It is expected that data volumes will rise ever higher in the future. A study from IBM predicted that there would be as many as 2.72 million data scientist workers ready to support companies cope with this amount of data, which is proven accurate. The increased usage of big data would affect the understanding and application of business intelligence and its security by Organizations. Security is a significant concern these days, independent of fields and technologies.

As compared to other areas Big Data to have securities issues and attacks happening every single minute, these attacks can be on different components of Big Data, like on stored data or the data source.

What is Big Data Security?

It's the collective term for all the measures and tools used to guard both the data and analytics methods from attacks, theft, or other malicious activities that could cause a problem or negatively affect them. Like other forms of attacks, Big Data can be compromised either by attacks originated from online or offline spheres.



Why is Big Data Security Important?

Today almost every organization is thinking of adopting Big Data as they see the potential and utilizing the power of Big Data; they are using Hadoop to process these large data sets and securing your data is the most important step they are concern about; independent of organization sizes, everyone is trying to secure their data. As a Hadoop process, multiple types of data are combined and stored in a Hadoop data lake, and then the stored information is processed accordingly.

As it saves a different kind of data from various sources, so we need to make security essential as almost every enterprise that are using big data has some form of sensitive data, which needs to be protected. Sensitive data can be the user’s credit card details, banking details, passwords. Big data is not a small thing, and we can’t describe it in the context of size, as size is one of the main features of Big Data. To secure it, someone can construct various strategies like keeping out unauthorized users and intrusions with firewalls, making user authentication reliable, giving training to end-user training, and many others.


With the advent of Big Data, the structured approach fails miserably to cater to the needs of the humongous information processing that tends to be unstructured in nature. SQL vs NoSQL vs NewSQL: The Full Comparison

What are the Challenges in Securing Big Data?

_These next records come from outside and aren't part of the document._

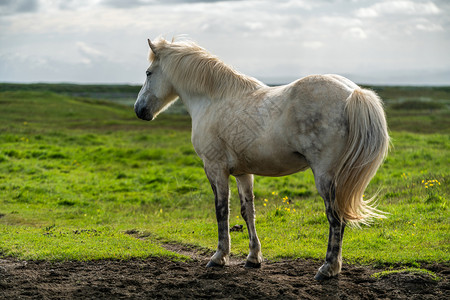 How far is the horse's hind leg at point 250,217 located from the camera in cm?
708

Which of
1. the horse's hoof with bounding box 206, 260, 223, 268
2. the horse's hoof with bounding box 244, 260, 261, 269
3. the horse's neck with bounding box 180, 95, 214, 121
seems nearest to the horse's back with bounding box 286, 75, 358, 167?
the horse's neck with bounding box 180, 95, 214, 121

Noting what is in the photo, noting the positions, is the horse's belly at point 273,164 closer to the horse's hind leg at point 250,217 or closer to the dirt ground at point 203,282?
the horse's hind leg at point 250,217

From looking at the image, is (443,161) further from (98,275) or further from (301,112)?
(98,275)

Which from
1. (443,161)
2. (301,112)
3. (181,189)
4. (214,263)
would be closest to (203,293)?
(214,263)

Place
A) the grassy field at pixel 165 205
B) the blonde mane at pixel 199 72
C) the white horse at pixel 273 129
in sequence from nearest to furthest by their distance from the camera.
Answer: the white horse at pixel 273 129
the blonde mane at pixel 199 72
the grassy field at pixel 165 205

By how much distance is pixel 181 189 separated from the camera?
14852mm

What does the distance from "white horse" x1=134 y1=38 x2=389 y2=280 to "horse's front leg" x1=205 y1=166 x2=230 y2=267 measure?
0.01m

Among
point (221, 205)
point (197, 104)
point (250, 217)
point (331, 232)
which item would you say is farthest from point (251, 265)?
point (197, 104)

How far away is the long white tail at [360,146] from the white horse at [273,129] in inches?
0.4

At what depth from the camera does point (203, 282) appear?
603 cm

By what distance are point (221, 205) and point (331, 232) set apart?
169cm

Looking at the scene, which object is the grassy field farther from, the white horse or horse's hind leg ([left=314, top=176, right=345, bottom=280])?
the white horse

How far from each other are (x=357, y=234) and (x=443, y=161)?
31.1 ft

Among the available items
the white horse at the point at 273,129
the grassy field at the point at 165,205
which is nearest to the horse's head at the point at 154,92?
the white horse at the point at 273,129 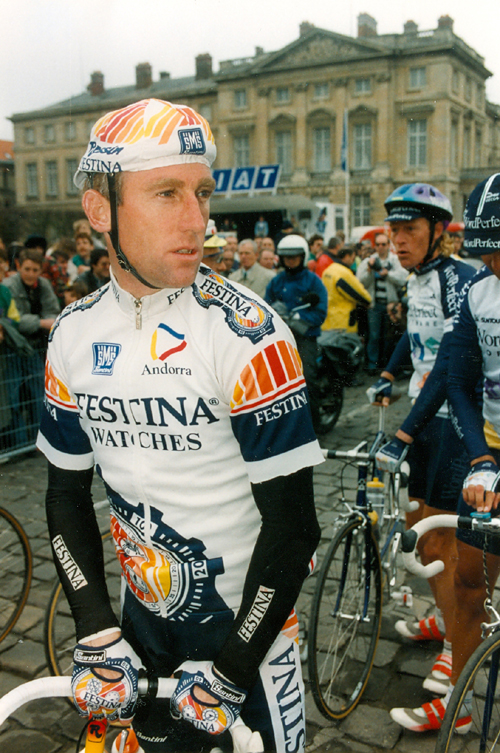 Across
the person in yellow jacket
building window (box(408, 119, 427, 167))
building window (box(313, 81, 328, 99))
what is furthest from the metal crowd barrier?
building window (box(313, 81, 328, 99))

There are several challenges to protecting big data that can jeopardize its safety. It's important to note that these issues aren't limited to on-premise Big data systems. They even have to do with the cloud. Take nothing for granted when hosting the big data platform in the cloud. With good security service level arrangements, the vendor needs to resolve these same obstacles.

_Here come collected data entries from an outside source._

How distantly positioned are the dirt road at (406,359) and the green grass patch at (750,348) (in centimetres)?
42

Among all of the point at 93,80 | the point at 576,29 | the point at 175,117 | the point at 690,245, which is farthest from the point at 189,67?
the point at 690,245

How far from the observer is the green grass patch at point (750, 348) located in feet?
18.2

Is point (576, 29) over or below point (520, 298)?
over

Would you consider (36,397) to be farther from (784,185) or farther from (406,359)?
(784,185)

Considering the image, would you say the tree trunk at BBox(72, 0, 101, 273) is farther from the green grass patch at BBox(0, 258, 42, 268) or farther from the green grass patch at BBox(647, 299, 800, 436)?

Typical Challenges to Securing Big Data

  1. Newer innovations in active growth include advanced computational methods for unstructured Big data and non-relational databases (NoSQL). Protecting these new toolsets for security technologies and procedures can be complicated.
  2. Data ingress and storage are well-protected with advanced encryption software. They may not have the same effect on data production from multiple analytics platforms to multiple locations.
  3. Administrators of Big Data systems can decide to mine data without obtaining permission or warning. Regardless of whether the motive is interest or criminal benefit, the monitoring software must track and warn on suspicious access.
  4. The sheer scale of a Big Data installation, which can range from terabytes to petabytes, makes regular security audits impossible. Since most large data platforms are cluster-based, which exposes several nodes and servers to several vulnerabilities.
  5. The Big Data owner is at risk of data loss and disclosure if the environment's protection is not updated regularly.
  6. Big data protection professionals must be proficient in cleanup and know how to delete malware. Security software must detect and alert suspicious malware infection on the system, database, or web.
Every company has big data in its future, and every company will eventually be in the data business. Author, Thomas H. Davenport

What are Best Practices to secure Big Data?

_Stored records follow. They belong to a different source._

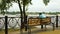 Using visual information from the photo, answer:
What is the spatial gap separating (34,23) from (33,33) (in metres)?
0.63

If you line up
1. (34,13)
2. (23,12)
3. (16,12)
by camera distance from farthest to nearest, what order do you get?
(34,13)
(16,12)
(23,12)

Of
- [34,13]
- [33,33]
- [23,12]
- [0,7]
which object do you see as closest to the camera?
[33,33]

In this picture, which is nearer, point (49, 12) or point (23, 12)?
point (23, 12)

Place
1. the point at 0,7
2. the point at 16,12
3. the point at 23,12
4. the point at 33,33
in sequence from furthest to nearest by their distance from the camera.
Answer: the point at 16,12 < the point at 23,12 < the point at 0,7 < the point at 33,33

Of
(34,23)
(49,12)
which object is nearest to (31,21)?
(34,23)

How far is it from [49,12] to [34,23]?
7920mm

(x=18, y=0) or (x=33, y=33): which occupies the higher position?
(x=18, y=0)

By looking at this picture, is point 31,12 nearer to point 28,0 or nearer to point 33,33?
point 28,0

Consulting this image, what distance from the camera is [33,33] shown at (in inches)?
368

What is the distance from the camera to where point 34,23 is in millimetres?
9734

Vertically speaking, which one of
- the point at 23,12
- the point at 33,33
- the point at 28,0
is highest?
the point at 28,0

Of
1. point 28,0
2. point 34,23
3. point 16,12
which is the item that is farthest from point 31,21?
point 16,12

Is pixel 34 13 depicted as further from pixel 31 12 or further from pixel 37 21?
pixel 37 21

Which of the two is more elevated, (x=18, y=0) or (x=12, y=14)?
(x=18, y=0)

Listed below are the top 10 Best Practices for Securing Big Data

Safeguard Distributed Programming Frameworks

To begin, create trust by using methods like Kerberos Authentication and ensuring that predefined security policies are followed. The data is then "de-identified" by decoupling all personally identifiable information (PII) from it, ensuring that personal privacy is not jeopardized.

Then, using mandatory access control (MAC), such as the Sentry tool in Apache HBase, you allow access to files based on a predefined security policy and ensure that untrusted code does not leak information through device resources. After that, the hard part is done; all left is to maintain the system to prevent data leakage. In a cloud or virtual environment, the IT department should be scanning worker nodes and mappers for bogus nodes and altered duplicates of results.

Secure Non-Relational Data

Non-relational databases, such as NoSQL, are common, but they're vulnerable to NoSQL injection attacks. By encrypting or hashing passwords and maintaining end-to-end encryption by using algorithms such as advanced encryption standard (AES), RSA, or Safe Hash Algorithm 2.

Secure Data Storage and Transaction Logs

Storage control is a critical component of Big Data reliability. By using signed message digests to have a cryptographic identifier for each digital file or record and to use a technique known as a secure untrusted data repository (SUNDR) to detect unauthorized file modifications by malicious server agents

Endpoint Filtering and Validation

Using a mobile device management solution, you can use trusted credentials, perform resource verification, and link only trusted devices to the network. Using statistical similarity detection and outlier detection strategies, you can process malicious inputs while defending against Sybil attacks (one person posing as several identities) and ID-spoofing attacks.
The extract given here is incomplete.